** DATA PROVIDED follows **

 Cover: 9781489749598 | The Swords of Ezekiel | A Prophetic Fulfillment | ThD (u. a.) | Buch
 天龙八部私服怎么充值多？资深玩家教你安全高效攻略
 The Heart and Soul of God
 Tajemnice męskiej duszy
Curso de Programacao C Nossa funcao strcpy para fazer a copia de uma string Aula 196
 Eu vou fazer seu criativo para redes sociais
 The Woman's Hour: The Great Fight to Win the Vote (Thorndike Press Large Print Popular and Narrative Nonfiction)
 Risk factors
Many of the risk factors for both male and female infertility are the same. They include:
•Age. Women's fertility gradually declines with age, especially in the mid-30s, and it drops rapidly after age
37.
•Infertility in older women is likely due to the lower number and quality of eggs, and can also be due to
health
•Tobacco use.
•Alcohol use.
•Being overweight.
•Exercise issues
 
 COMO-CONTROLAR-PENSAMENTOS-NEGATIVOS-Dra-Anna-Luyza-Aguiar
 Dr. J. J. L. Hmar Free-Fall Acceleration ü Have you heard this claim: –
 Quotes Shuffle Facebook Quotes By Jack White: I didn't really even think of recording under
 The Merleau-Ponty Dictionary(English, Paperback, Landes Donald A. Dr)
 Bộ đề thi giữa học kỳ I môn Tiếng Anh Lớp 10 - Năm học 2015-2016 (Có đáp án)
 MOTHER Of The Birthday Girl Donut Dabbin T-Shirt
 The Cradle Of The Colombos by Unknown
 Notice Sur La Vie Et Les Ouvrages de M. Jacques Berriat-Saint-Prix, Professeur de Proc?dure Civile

** End of DATA PROVIDED **

*WHAT IS EXPECTED*. Could you give again exactly the lines from the line containing "Dr. J. J. L." through the final line of the data above, and no others?

*SOLUTION TO THIS PROBLEM*.
 Dr. J. J. L. Hmar Free-Fall Acceleration ü Have you heard this claim: –
 Quotes Shuffle Facebook Quotes By Jack White: I didn't really even think of recording under
 The Merleau-Ponty Dictionary(English, Paperback, Landes Donald A. Dr)
 Bộ đề thi giữa học kỳ I môn Tiếng Anh Lớp 10 - Năm học 2015-2016 (Có đáp án)
 MOTHER Of The Birthday Girl Donut Dabbin T-Shirt
 The Cradle Of The Colombos by Unknown
 Notice Sur La Vie Et Les Ouvrages de M. Jacques Berriat-Saint-Prix, Professeur de Proc?dure Civile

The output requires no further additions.